Ok that makes sense on how to enter it assuming every asset you have ever had has to have the depreciation recaptured….

That's only if you sell at a gain.Say you've got a washing machine that's 3 years into it's 5 years of depreciation and it breaks. You have to buy a new one. For the two years remaining depreciation on the broken washer, it's deductible and becomes a permanent deduction since it obviously can't be sold at a gain or a loss. There's several ways to handle it in TTX. One way, is to report it sold for $0. If you're not selling all of the assets in the same year, the remaining depreciation is considered a loss. Depending on the numbers for that tax year, the remaining depreciation would be included in the PAL carry over losses.

 

but people talk about putting the FMV value of the items as the selling price or zero for old appliances that aren’t worth anything….

When you use the original cost basis as the selling price, then all of the depreciation is still recaptured and taxed at the ordinary income tax rate.

I guess the bottom question is if the IRS expects to recapture all the depreciation you have ever taken on all assets on your list regardless of their current status or condition

It's not a guess. The IRS requires you to recapture all depreciation taken on an asset when sold at a gain. Due to programming limitations in the TTX program, when you sell the property at a gain you "will" pay tax on that depreciation taken on all assets one way or another - either correctly at the ordinary income tax rate, or incorrectly at the capital gains tax rate.

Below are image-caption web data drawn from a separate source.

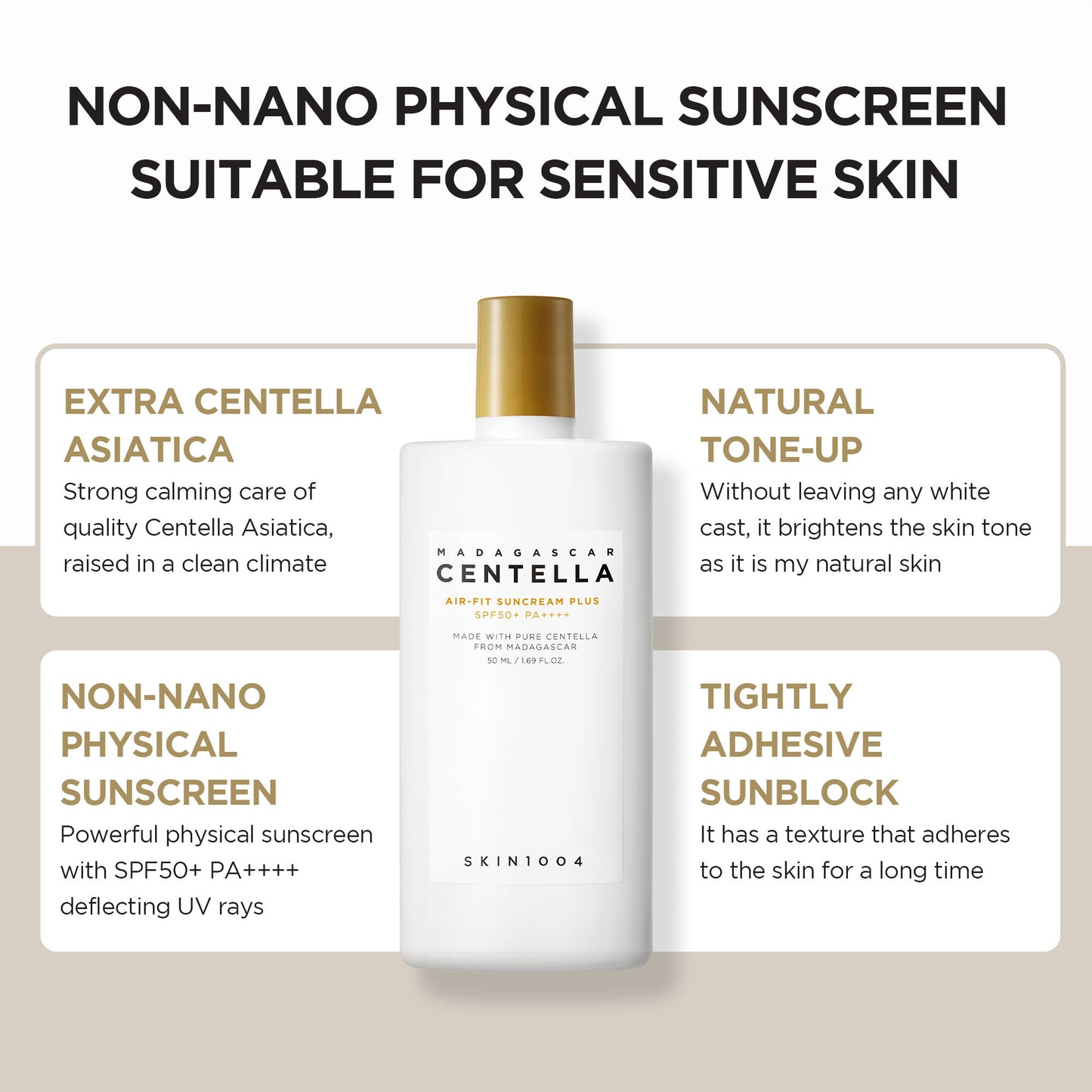 Madagascar Centella Air-Fit Suncream Plus 50ml – kalmerende zonnecrème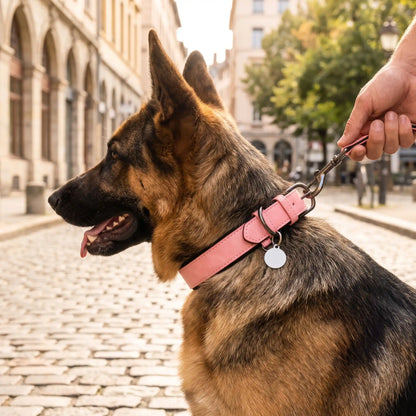 Collier chien cuir Rembourré Résistant Rose Berger Allemand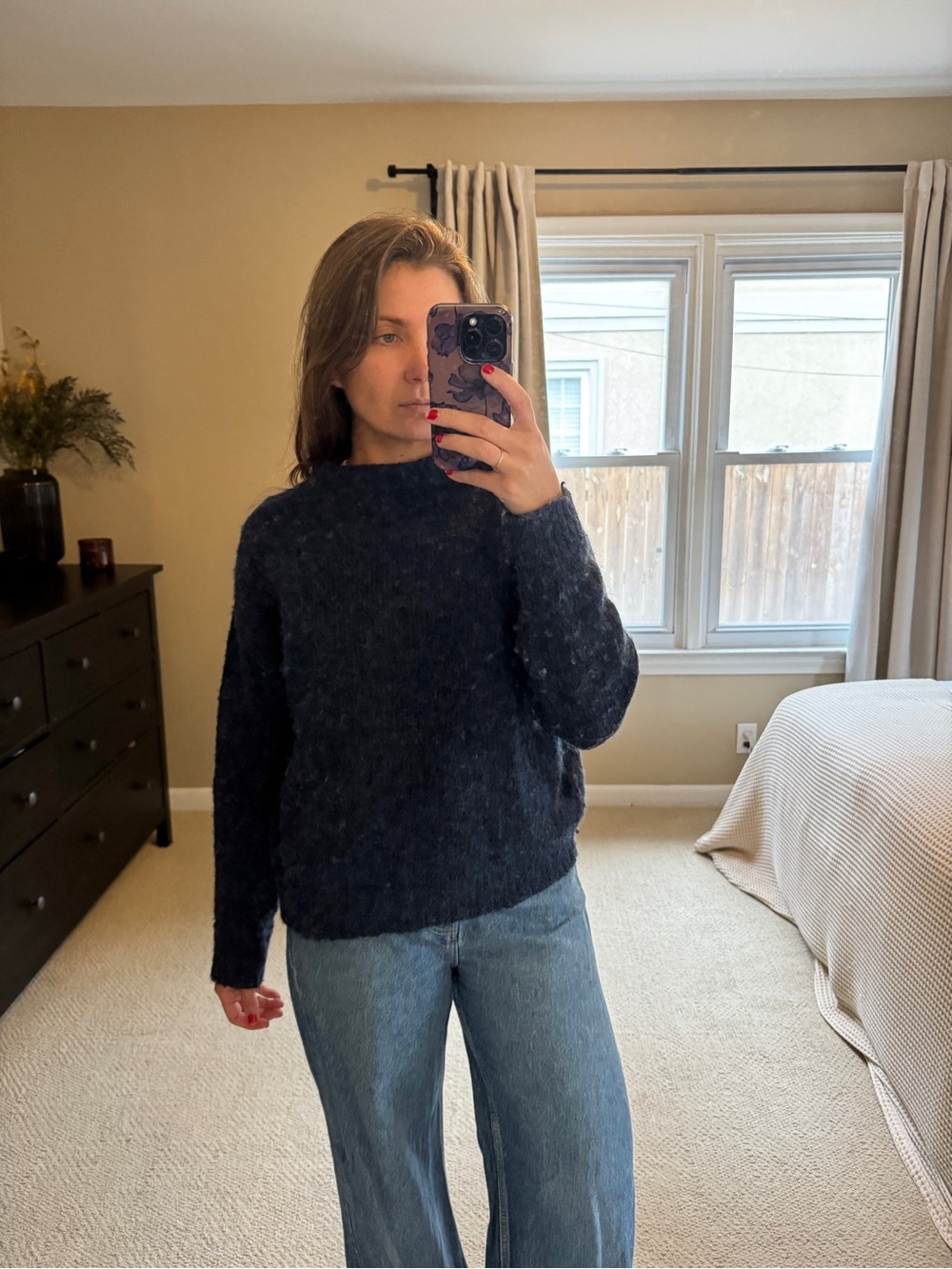 Cozy Women's Dark Navy Crewneck Sweater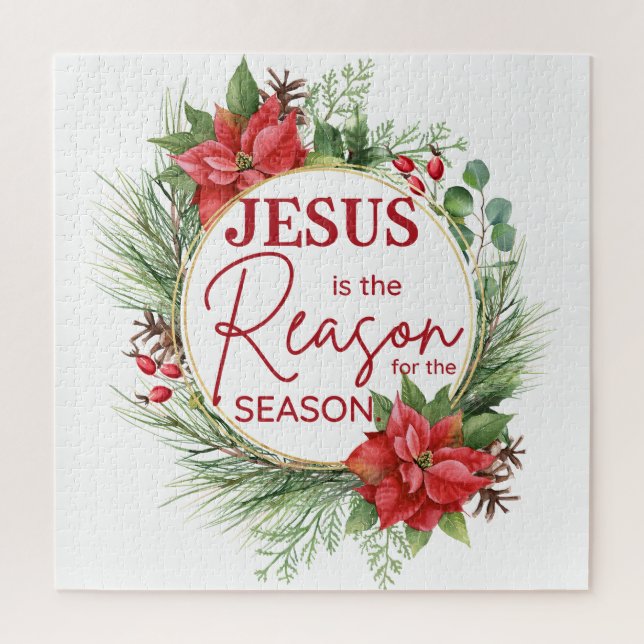 Jesus is the Reason for the Season Christmas Jigsaw Puzzle (Vertical)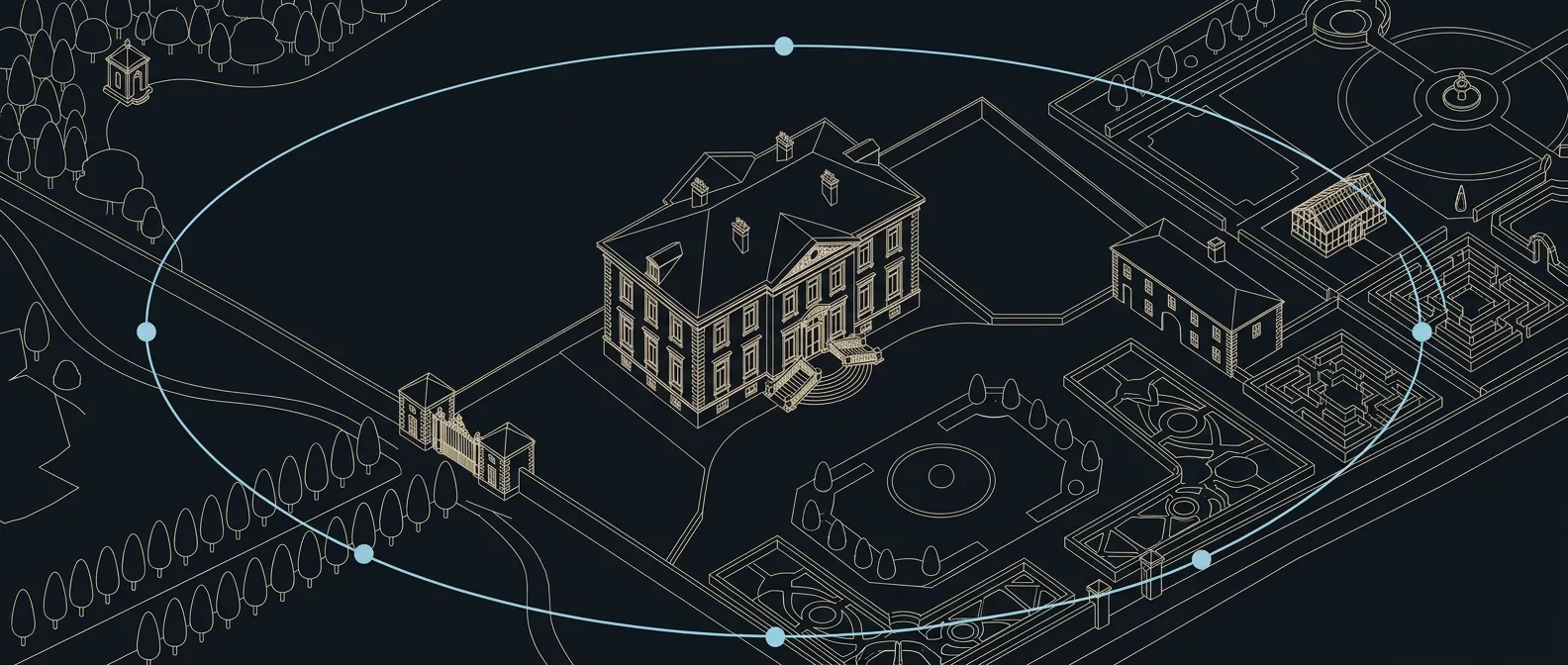 Isometric wireframe of the embassy facade in Oslo showing terrestrial laser scanner positions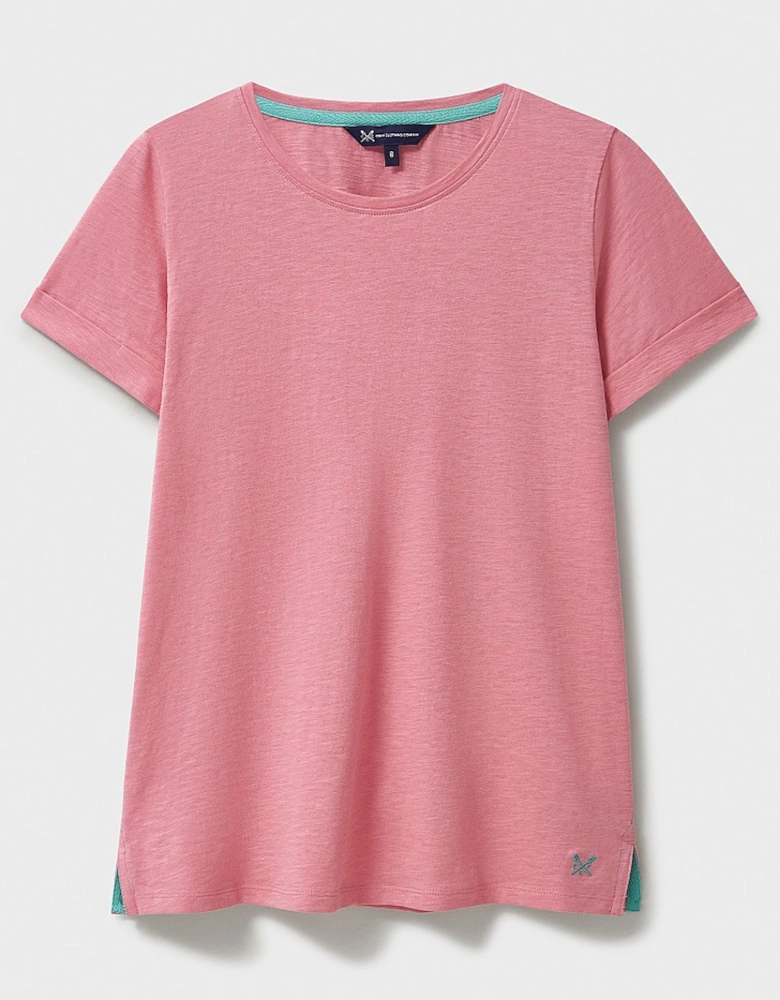 Women's Perfect Crew Neck Slub T-Shirt Flamingo Plume Pink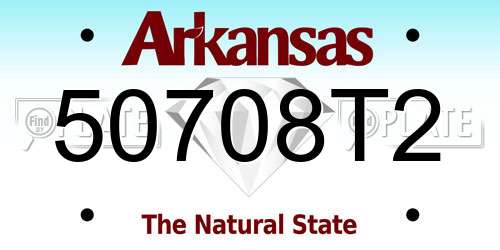 50708T2 Arkansas License Plate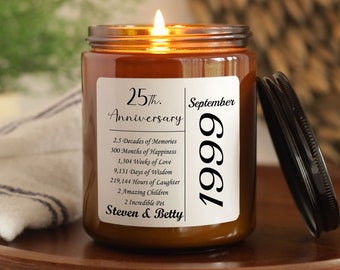 May include: A brown glass candle with a white label that reads "25th. Anniversary September 1999" and lists the number of decades, months, weeks, days, hours, and children that have passed since the anniversary date. The label also includes the names "Steven & Betty".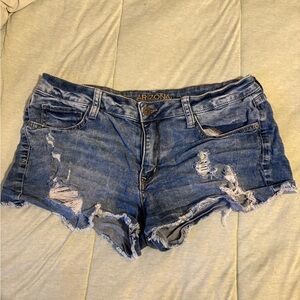 Arizona Jean Company Women's Classic Blue Ripped Shorts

.your method would recapture all that depreciation but I am still unsure if I need to report a gain on say a 8 year old appliance

if you sell the property at a gain, you sell "all" of it it a gain. Likewise, if you sell the property at a loss, you sell "all" of it at a loss. I agree it seems counter-intuitive to sell a year's old appliance at more than you paid for it. But on the other side of that coin, it is not at all weird to sell a 20 year old structure for more than you paid for it. Heck, the structure the appliance is in, is older than the appliance. Think that one through. 🙂

 

 

jonpagel
Returning Member

Asset recapture

Ok so every asset do the original cost plus $1 and enter that as the selling price for each item, add those up and subtract from the sale price and that number goes in the sale price for house ….the selling expenses I can just group under the main house I assume I don’t have to allocate to each one….example


sale price of house- $100000

 

Appliance purchased for $1000 report at $1001

 

new sewer line with an original cost of $10000 report as $10001

 

then the house instead of $100000 I would report it as $88998.

 

I have maybe 15 assets but the above example is correct?  All my assets are fully depreciated so that would basically tax every dollar I ever spent and then depreciated at ordinary income rate of 25% in my case…


What about say a roof that you are only a couple

years into?  If you do cost plus one you are saying you depreciated the whole thing when in fact you only got a couple years of depreciation credit?

thanks

Carl
Level 15

Asset recapture

the selling expenses I can just group under the main house I assume I don’t have to allocate to each one

You can allocate if you want. But overall, you're correct. So long as you still show a gain after subtracting the selling expenses from the selling price, you'll be fine.

I'll usually allocate my selling expenses between the structure and the land.  So if I have a selling price for the property that is 70% structure and 30% land, I'll allocate the selling expenses similarly. I'll make slight changes if necessary so I don't end up showing a gain on the structure and a loss on the land.

Since I've accounted for all my selling expenses to be deducted, on the main property asset, I don't bother allocating them to other assets unless I really need to.